An audit is usually provided for when a corporation reaches the size of a medium-sized corporation in two consecutive financial statements. This is the case if both financial statements meet at least two out of three criteria.

One criterion to consider if you want to avoid an audit is the size of the balance sheet total. If this is more than EUR 6,000,000, then at least one of the possible indicators for an auditing obligation is given.

The next criterion that may be relevant is the level of revenue in the previous twelve months. If this amount is higher than EUR 12,000,000, then it would be good to avoid auditing if the other two criteria were not met.

The third criterion is about a parameter that has no direct relation to the annual accounts. Rather, the number of employees engaged in the company is in the foreground. Both domestic and foreign workers are relevant, with the exception of apprentices. This includes the number of employees at the end of each of the four previous calendar quarters. The sum is then divided by four to determine the annual average employees.

In order to avoid a potential audit, various measures can be taken so that at most one of the criteria is met. However, this is obviously always dependent on the respective situation in the company. Nevertheless, we would like to discuss three possible design variants with which it is possible to avoid an audit. We assume that only two of the three potential criteria are met.
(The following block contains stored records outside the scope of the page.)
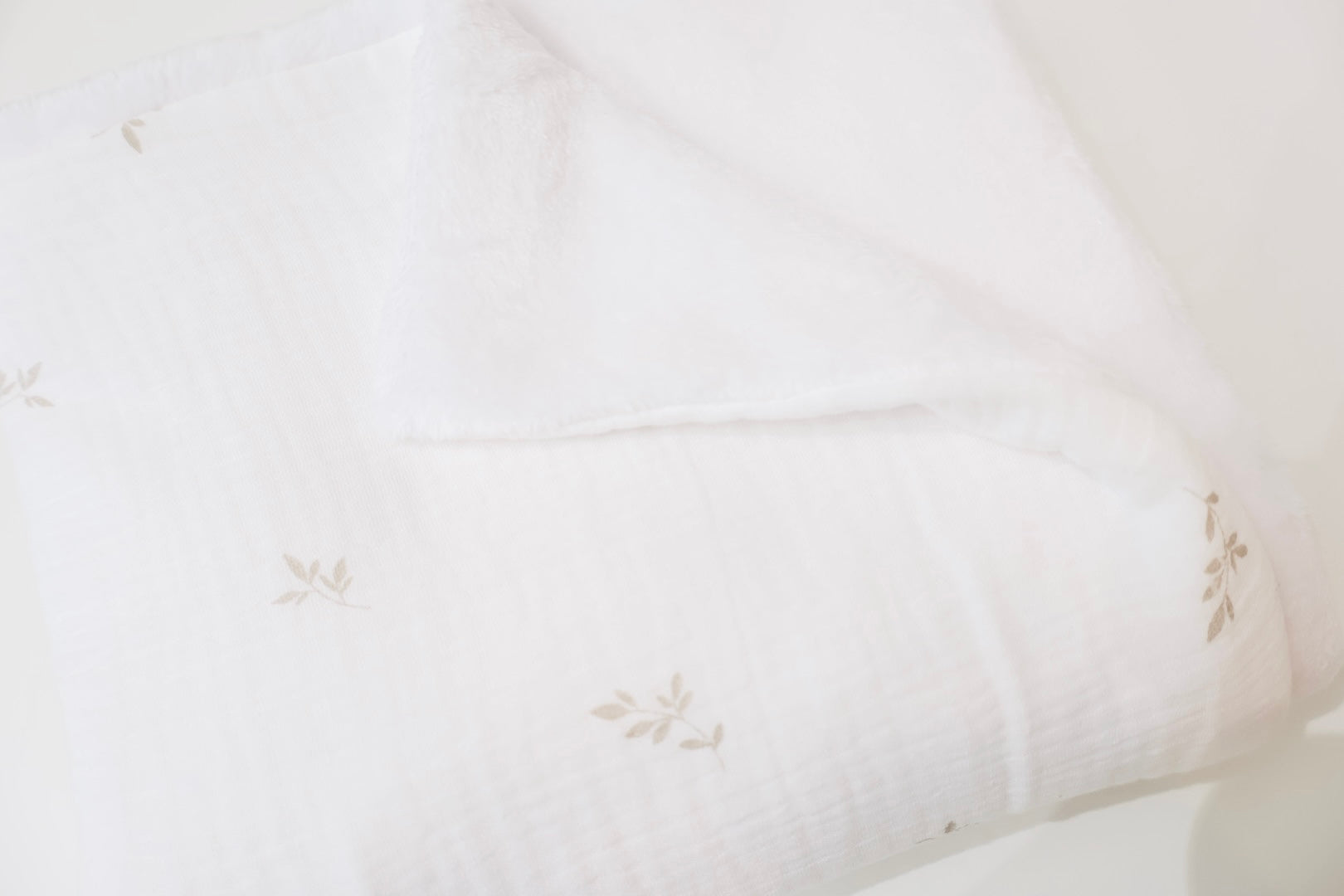 Couverture bébé personnalisée collection Murmure de feuilles Ecru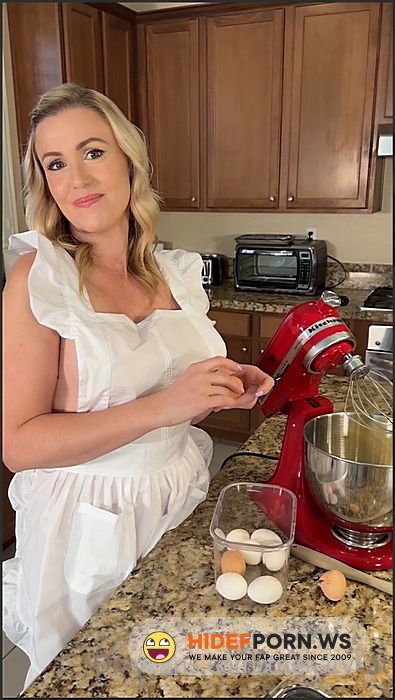 - Katy Kat @thekatykat  Housework Equals Sex [SD 1920p] - 2025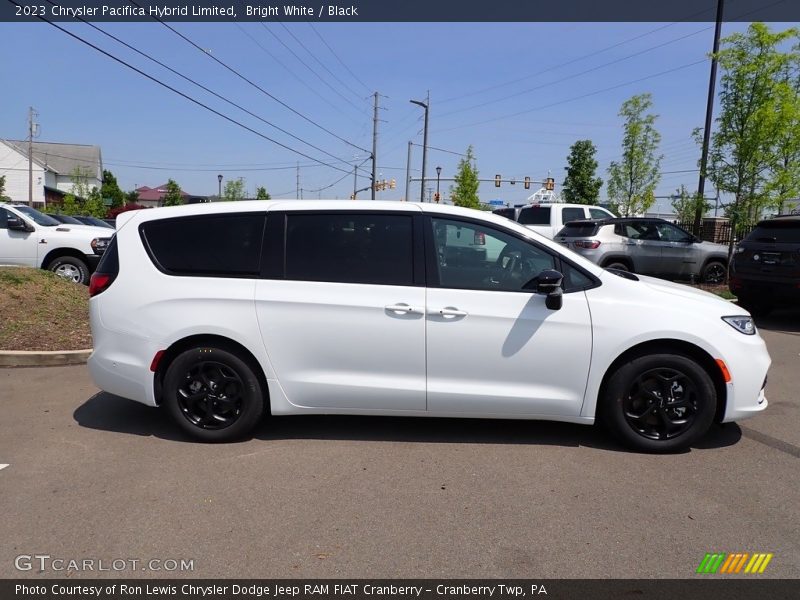 Bright White / Black 2023 Chrysler Pacifica Hybrid Limited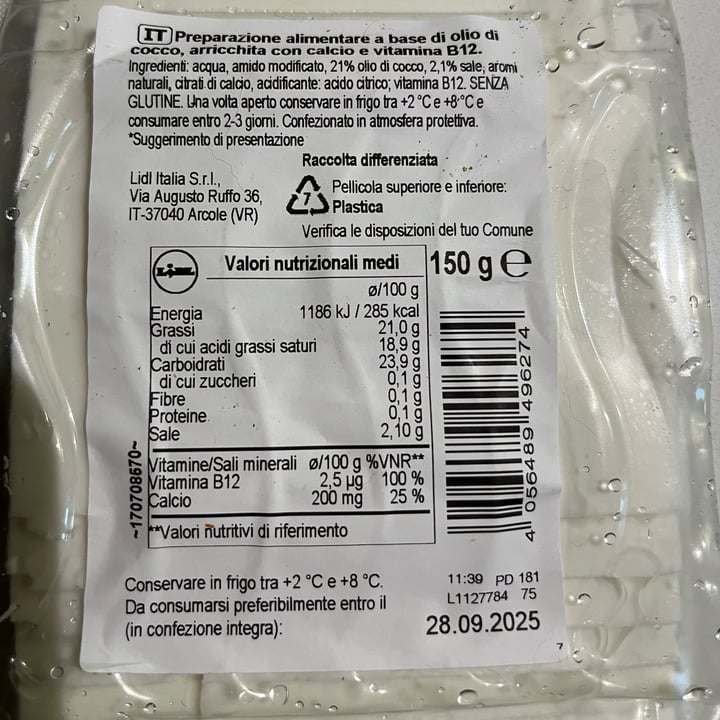 photo of Vemondo Vegan Slices Classic shared by @kitsune98 on  07 Sep 2025 - review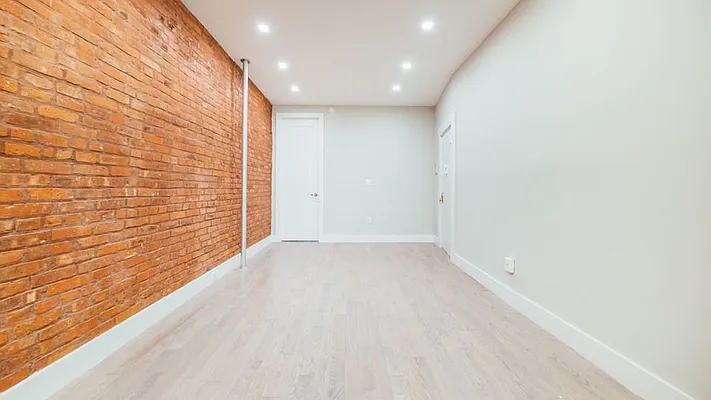 Rented by Nooklyn NYC LLC | media 31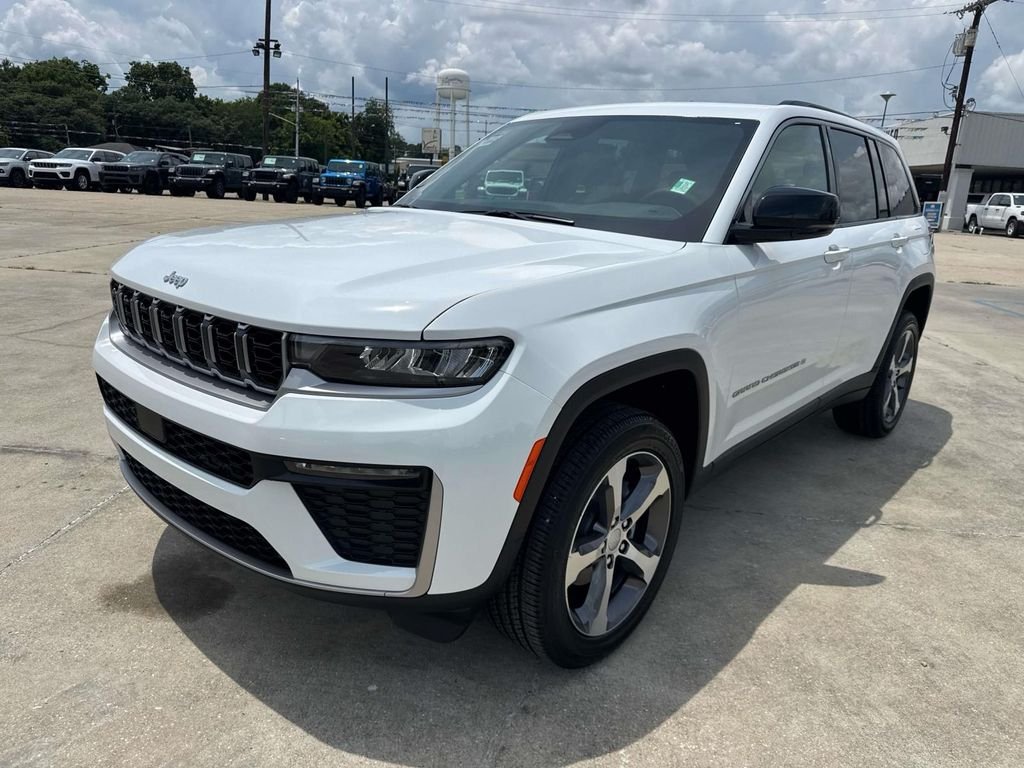 New 2026 Bright White Clear-Coat Exterior Paint Jeep Limited image 8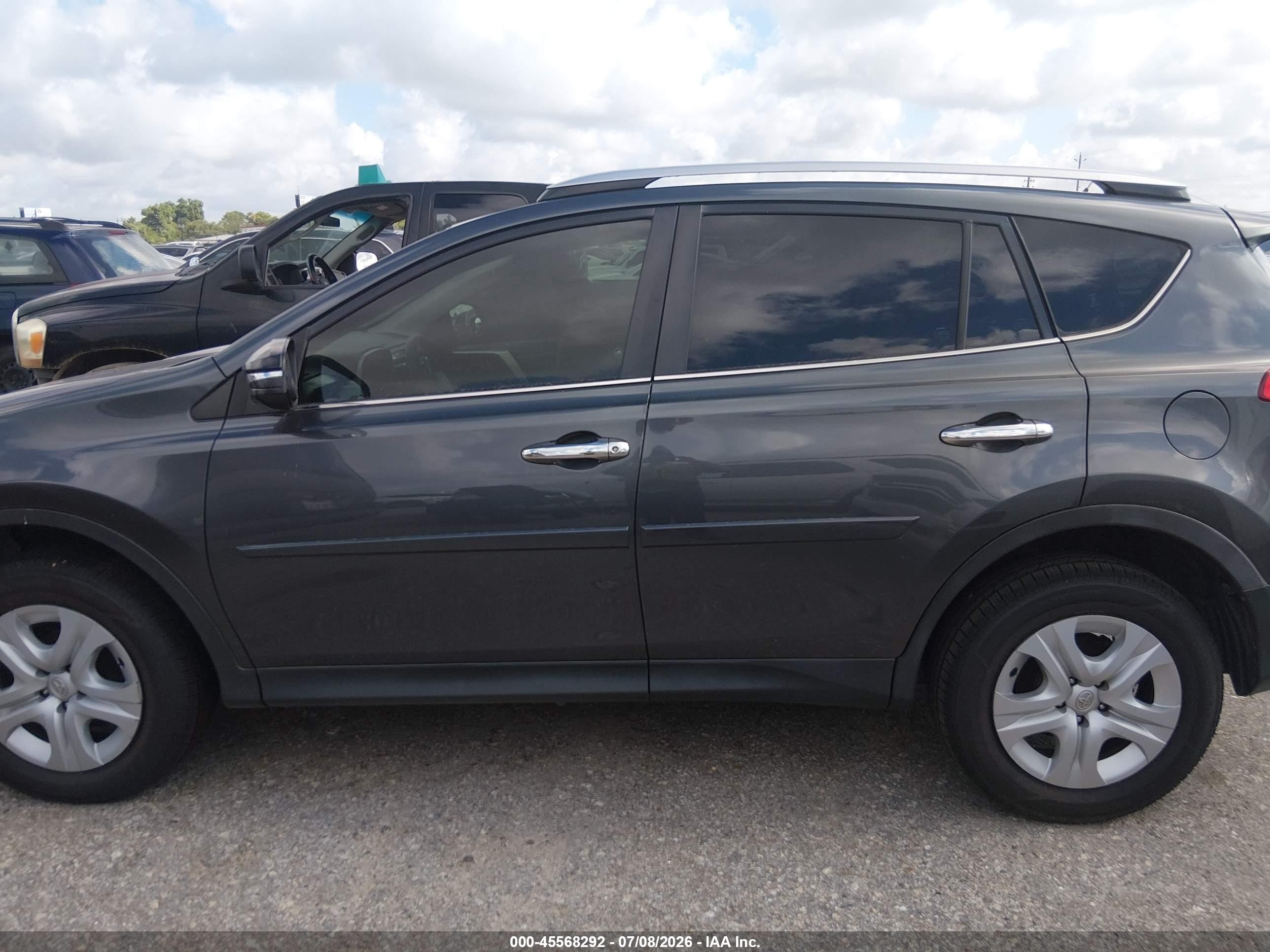 2015 Toyota Rav4 Le Gray vin: JTMZFREV8FD060978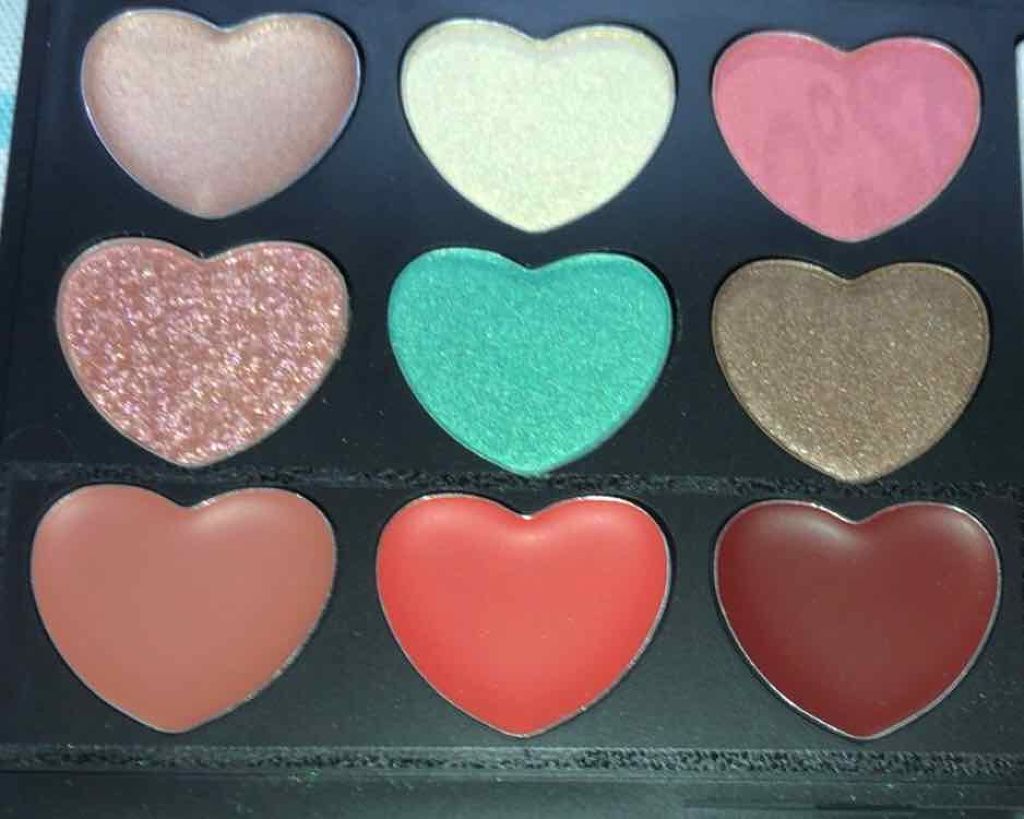 マルチアイシャドウパレット/IT'S DEMO/アイシャドウパレットを使ったクチコミ（2枚目）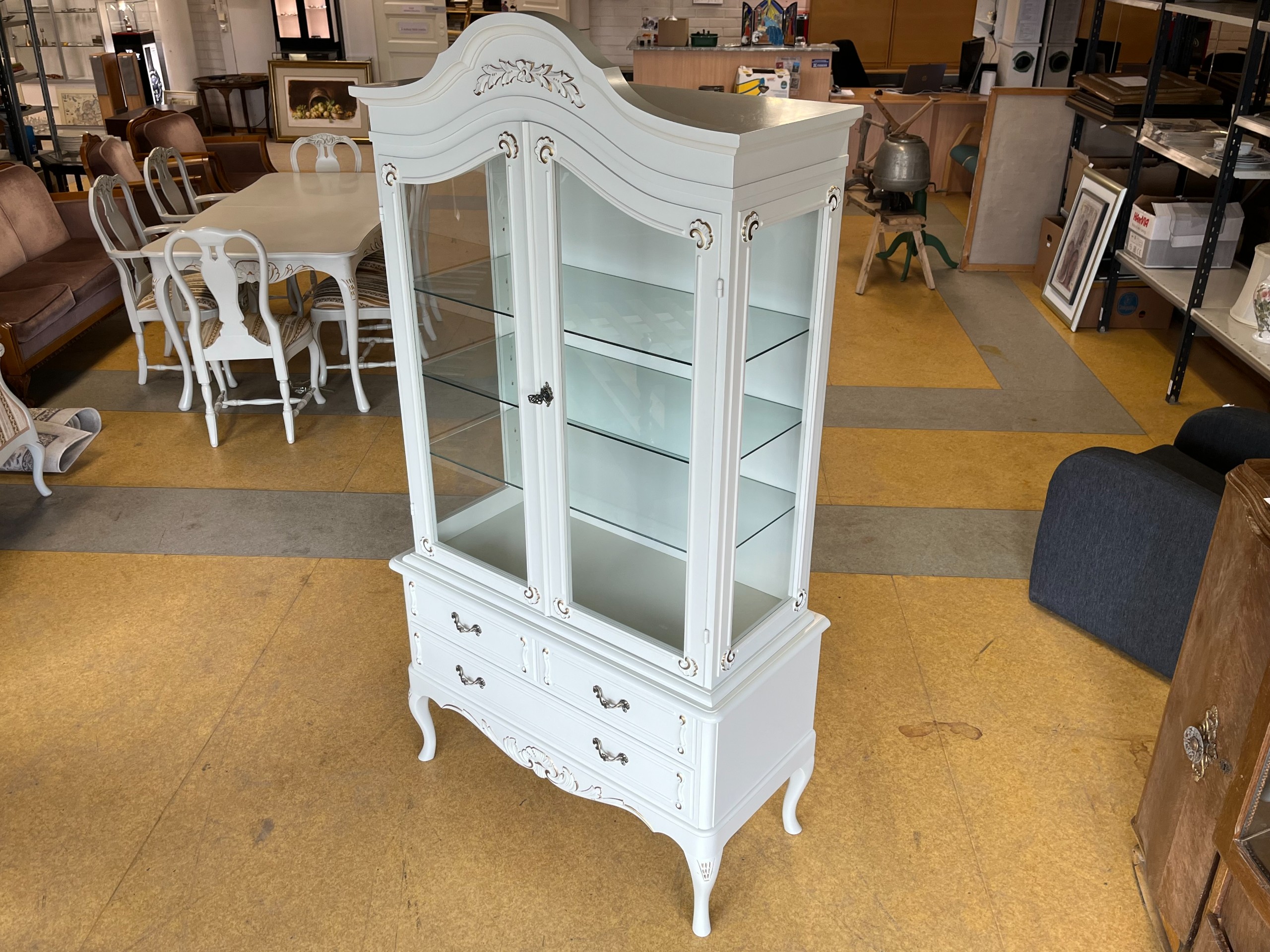 Talonpoikaisrokokoo vitriini - Huutokauppa Ekman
As soon as all three criteria are met, the effort to avoid an audit hardly makes sense.

With the first approach, which we present to you here, we would like to influence the amount of the balance sheet. If we have a company that can be split into two companies, so that the balance sheet total in both is well below EUR 6,000,000, then at least on this point we avoid the creation of the auditing obligation. However, a division is only possible in a tax-neutral manner if at least two sub-operations are separated from one another.

However, this also works with a spin-off. For example, one could bring the operational business operation into a subsidiary. However, this in no way reduces the balance sheet total of the parent company. For a tax-neutral conversion at book value, the participation in the subsidiary has the same value as the transferred assets. However, the subsidiary assumes both the balance sheet total and the revenue.

However, an audit by means of a spin-off can be avoided if only part of the parent company is transferred to the subsidiary. However, you have to make sure that you either transfer a branch of business or that the subsidiary is a partnership instead of a corporation. Otherwise, a tax-neutral conversion is excluded.

In addition, you have to pay attention to whether parent companies and subsidiaries may have to prepare a group report as a result. This can also be subject to inspection. Therefore, a hive-off can only be considered in order to avoid an audit if two fulfilled criteria are divided between parent and subsidiary companies.

In both variants, in which a company conversion plays a role, the retroactive effect option may also be relevant. In addition, it must be borne in mind that the conversion processes bring about a blocking period.

Similar to the other two variants, the third also comes with a separation. Here we try to influence the number of employees. For this purpose, we set up an independent company for temporary employment, in which the original employees are now employed. This service company then leaves the employees as temporary workers to the original company that wants to avoid auditing. In fact, it is possible to prevent the number of employees criterion from being the determining factor in the auditing obligation.

Of course, it must not be an end in itself if you want to avoid an audit. Finally, all the related measures also involve costs. Therefore, there must be really good reasons to avoid an audit. In addition, it is worth considering whether the measures taken to avoid auditing may lose their effect within a few years, because, for example, there is a steady increase in employees and revenues. For this reason, we also assume that in the vast majority of cases it makes only limited sense to want to avoid an audit.